July 01, 1989|DAVID HOLLEY | Times Staff Writer,

PYONGYANG, North Korea — In an act of political defiance that could have major repercussions on the divided Korean Peninsula, a young Korean woman from Seoul flew into Pyongyang on Friday to attend a sports and cultural festival as a representative of radical students in the south.

Im Suk Yong, 20, who identified herself as a fourth-year student majoring in French at the Hankook Foreign Languages University in Seoul, was given a tumultuous, red-carpet welcome at Pyongyang Airport, with music from a student band and hundreds of organized greeters.

Im was embraced as if she were a long-lost relative by a few young women, then surrounded by a shoving group of young male students and dozens of photographers from the international press corps.

The crowd made up of Im, two or three bodyguards, the shoving students who were part of the welcome and the struggling photographers made its way along a red carpet past a cheering crowd and a portrait of North Korean President Kim Il Sung.

"Reunification of the fatherland!" shouted the crowd, which included many women in traditional flowing Korean robes of pink or light blue. "Welcome!"

Im, whose 10-day journey from Seoul took her through Tokyo, West Germany, East Berlin and a Moscow airport, then stood on steps at the edge of the tarmac and gave a brief press conference.

"On behalf of the million students of South Korea who are fighting against the government, I have come to Pyongyang to take part in the Pyongyang festival," she said.

"When I left Seoul, I thought (how) one could come here in a car so easily--it would only take four hours from Seoul to Pyongyang," Im said. "But it took me 10 days to get here, through other countries."

Today is the opening day of the 13th World Festival of Youth and Students, a sort of leftist quasi-Olympics and cultural event, in Pyongyang. This festival was first held in Prague in 1947 and most recently in Moscow in 1985. About 12,000 athletes and other delegates or visitors have arrived and more are expected, according to guides working for the event. The theme of the festival is "anti-imperialist solidarity, peace and friendship."

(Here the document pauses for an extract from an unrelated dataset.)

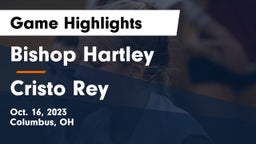 Bishop Hartley  vs Cristo Rey Game Highlights - Oct. 16, 2023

For Pyongyang, this "anti-imperialist" theme means a demand for the withdrawal of American forces from South Korea, where they have been stationed since the 1950-53 Korean War. The Pyongyang government and many South Korean student radicals believe that the U.S. presence in South Korea is a force blocking progress toward peaceful reunification.

American and South Korean supporters of the U.S. troop presence argue that it is necessary to ensure stability on the peninsula and deter any possible attack on the south by the north.

The South Korean government, concerned that the festival would be used for propaganda, has banned participation by South Koreans. In addition, all visits to North Korea by South Korean citizens are illegal without the Seoul government's advance approval.

The largest dissident student organization in South Korea, the National Council of Student Representatives, usually known by the Korean name Chondaehyop, had been determined to send delegates to the festival. The chairman of Chondaehyop, Im Jong Chul, who apparently is no relative of the woman who arrived in Pyongyang on Friday, participated in a June 24 telephone dialogue from Seoul with North Korean student and youth representatives in Prague.

Im Jong Chul, who was already in hiding but allowed South Korean television to report on the call--was immediately accused of national security violations, and a warrant was issued for his arrest. He has not yet been apprehended.

Im Suk Yong declared that she had come as the organization's only representative.

"I am very sorry to be taking part in the Pyongyang festival alone, without lots of my friends, because the South Korean authorities blocked the South Korean students from taking part in the festival," she said. "This shows that the South Korean government is anti-reunification. Nowadays, the forces which want reunification are being suppressed."

Accompanying Im upon her arrival were several other Koreans, apparently including two or three originally from South Korea who now live in West Germany. The presence of these people was not considered politically significant, however. It appeared that Im would indeed be the only activist South Korean citizen to attend the festival.

In making an unauthorized visit to the north, Im is following in the footsteps of a dissident South Korean clergyman, the Rev. Moon Ik Hwan, and opposition assemblyman Suh Kyung Won.

Moon made an unauthorized nine-day visit to Pyongyang in April, with the announced intention of promoting reunification. He has been imprisoned since his mid-April return to South Korea and is now standing trial.